The next step to developing a consulting practice is to get out of the house.  This is difficult for most people because computers can keep you trapped at home sending out e mails that delude you into thinking you are connecting with people.  People don’t remember e mails, they remember people.  Many people love to hide behind their computers but to succeed in consulting you need to get out there.  There was an old expression that sales people should have small desks so they don’t sit at them but are out and about.  Consultants should be outside people versus inside people.  They should be finders first versus grinders.  That will come later.

You will succeed or fail in your consulting career based on the power of your network.  I have written many articles on the power of networking.  My network has sustained me.  During the ten plus years of my consulting practice I have never had a call saying, “Hank I am a total stranger and I want to do business with you.”  I have had calls saying I got your name from Mary or Sally or Bill and those calls lead to new opportunities.

My advice is simple on the networking front.  Schedule five meetings a day when you start consulting.  Two will get cancelled and you will end up with three meeting a day.  Each of those people on average will give you two names which ends up being 6 names a day. If you follow that practice on a daily basis you will connect with 30 people in a week and 120 in a month.  If you networked with that purpose for a year you would be a very connected person.  Possible? Yes. Powerful?  Well let me ask you a simple question.  “How would your life change if you met one new person a day?’

More to come.  Hey this has been a journey of learning lots of lessons.

You can connect with Hank on Linkedin

Follow his updates on twitter @hankblank


Watch his video on YouTube


8 thoughts on “More On How to Build a Consulting Career.

  1. Hi Hank. Excellent post and I couldn’t agree more — on both fronts: that building a consulting career is mostly marketing to your network AND the need for visuals to drive your vision.

    I founded my company with visuals as the main deliverables. We knew we had “gotten there” when one of our biggest clients stood up and loudly exclaimed (in response to a visual piece about his market opportunity) “Yes! I can SEE it!” 🙂

    Are you familiar with Dan Roam’s book, “The Back of the Napkin?” Also David Sibbet’s books (he found The Grove, a graphic facilitation company). Highly recommended stuff.

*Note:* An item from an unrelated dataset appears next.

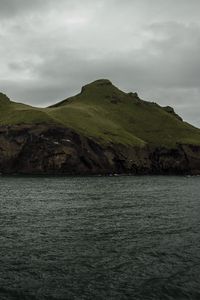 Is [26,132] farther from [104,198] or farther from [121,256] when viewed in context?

    Thanks again for the reminder to keep the network going. I think it’s easy to forget that, regardless of how many inbound calls we get, it all starts with outbound.

    – Rich Goidel

  2. Jeff Wilson

    Hi Hank….from one Nigueler to another, greetings. Just tuning in for the first time off of a post from McDermott & Bull and very much like what I’ve been reading. Thank you, and perhaps I will see you tonite, or another time, for the LN Connectors gathering.